[Start of section]

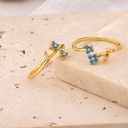 Anillo ajustable con zirconias y baño 18k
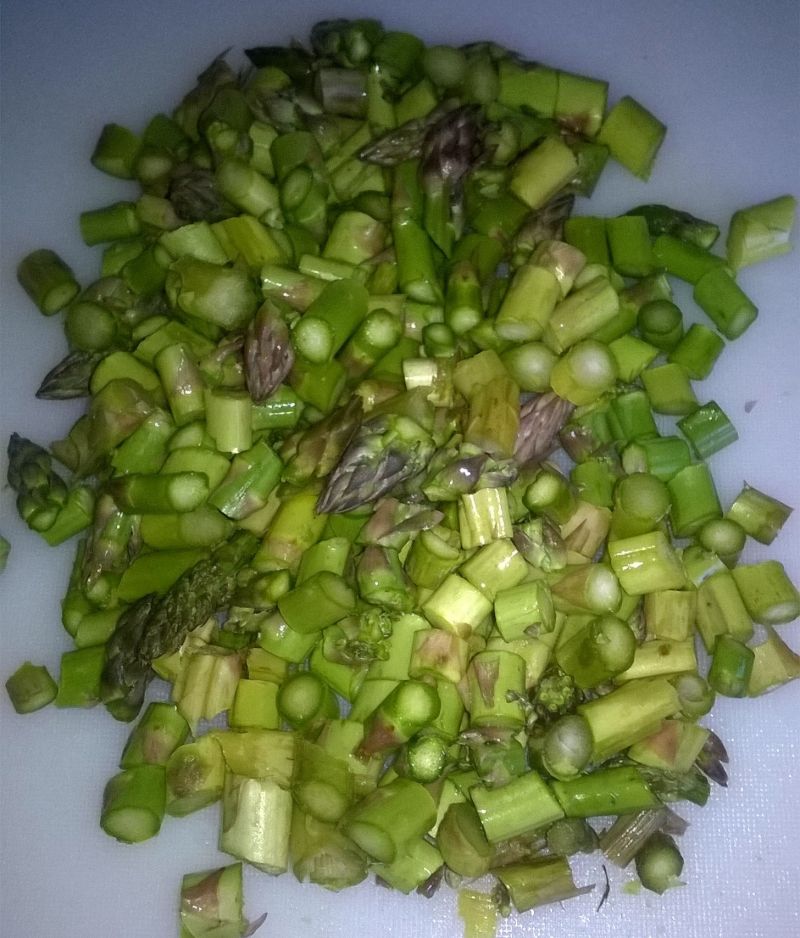 Zupa krem z zielonych szparagów i kalafiora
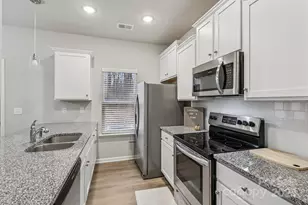 8041 Alderton Ln, Charlotte, NC 28215 - Photo 11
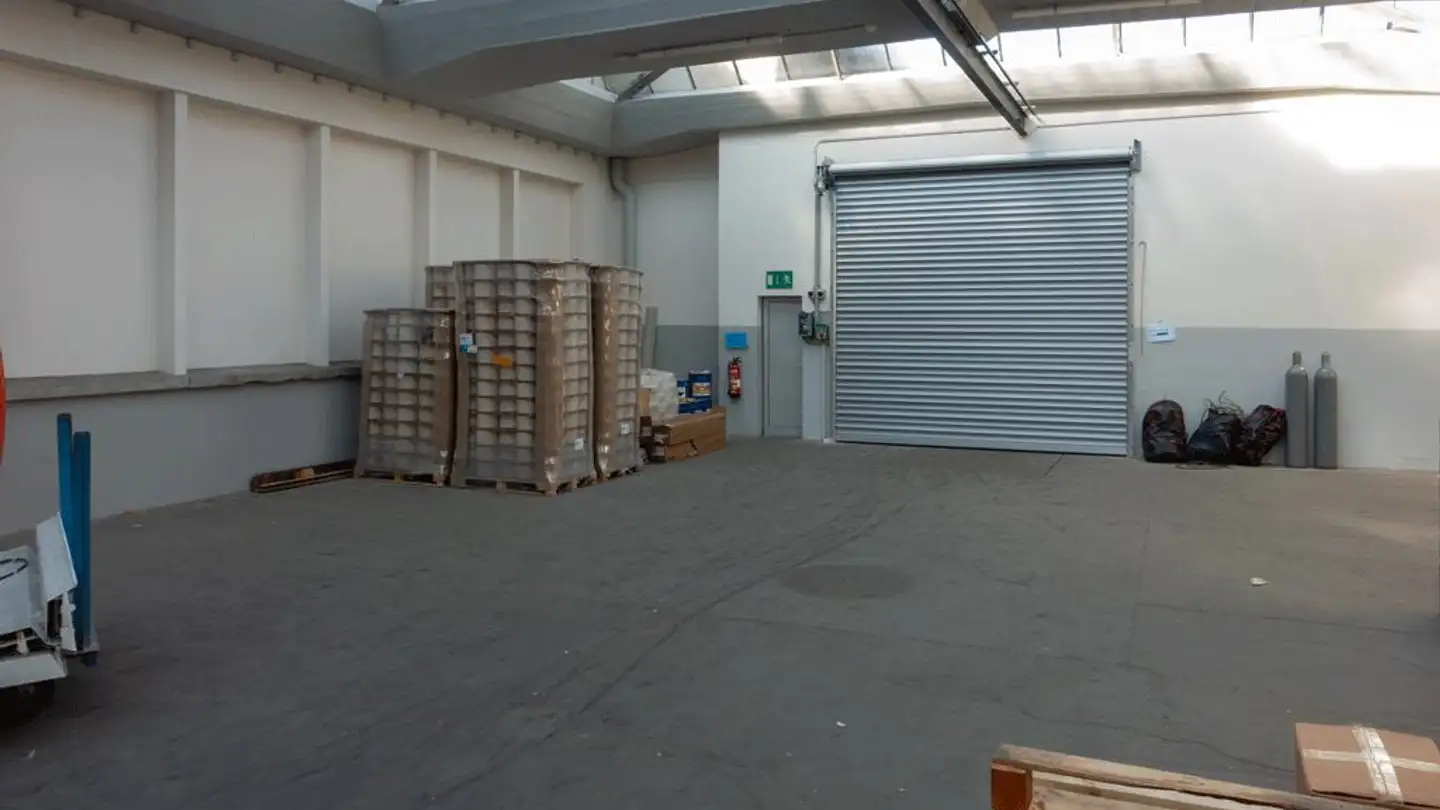 Espace de stockage à louer - Fabrikstrasse 2, 8867 Niederurnen - Photo 3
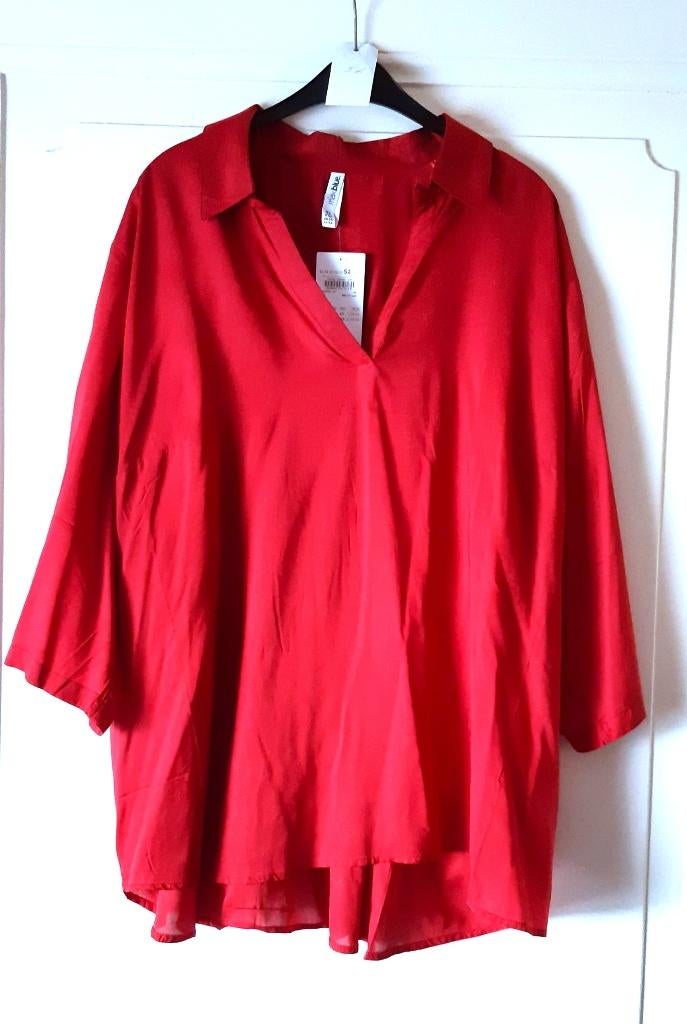 damesblouse rood (nieuw) maat: 52 - grote maten, Kleding | Dames, Ophalen, Maat 46/48 (XL) of groter, Nieuw, Maxi Blue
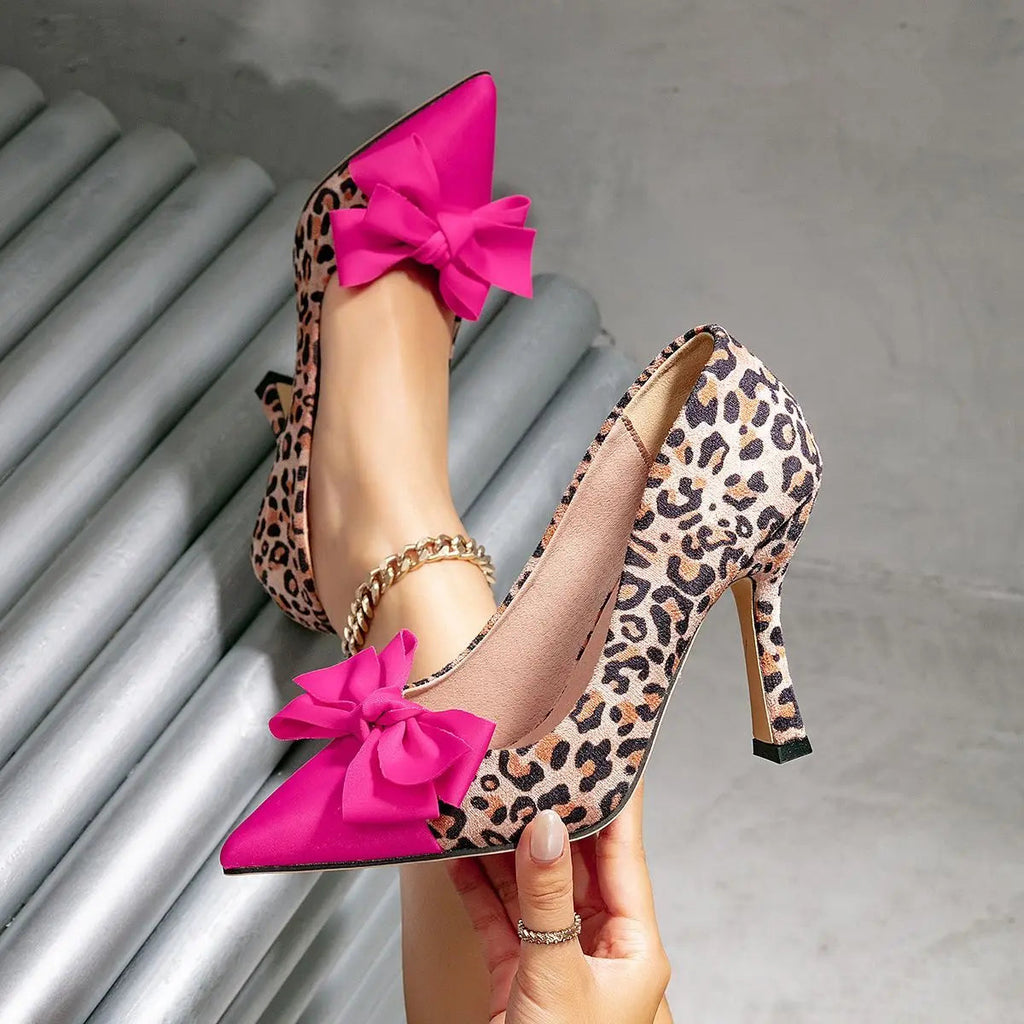 Wiltrud | Zapatos de tacón de aguja con estampado de leopardo y lazo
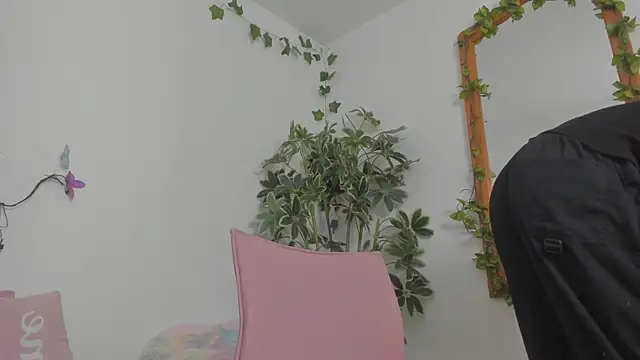 Snapshot of BonnieCute_ chatting on July 13, 2026, 12:13 am BonnieCute online show from July 13, 2026, 12:13 am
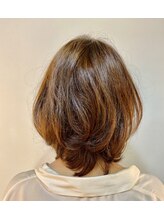 ヘアーズビシュ Hair's BISH ミディアムウルフ系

[End of section]

Output the lines of the data exactly, starting at the first and ending with the line that has "damesblouse rood (nieuw)". Pictures are not part of it.

Output below:
 Anillo ajustable con zirconias y baño 18k
 Zupa krem z zielonych szparagów i kalafiora
 8041 Alderton Ln, Charlotte, NC 28215 - Photo 11
 Espace de stockage à louer - Fabrikstrasse 2, 8867 Niederurnen - Photo 3
 damesblouse rood (nieuw) maat: 52 - grote maten, Kleding | Dames, Ophalen, Maat 46/48 (XL) of groter, Nieuw, Maxi Blue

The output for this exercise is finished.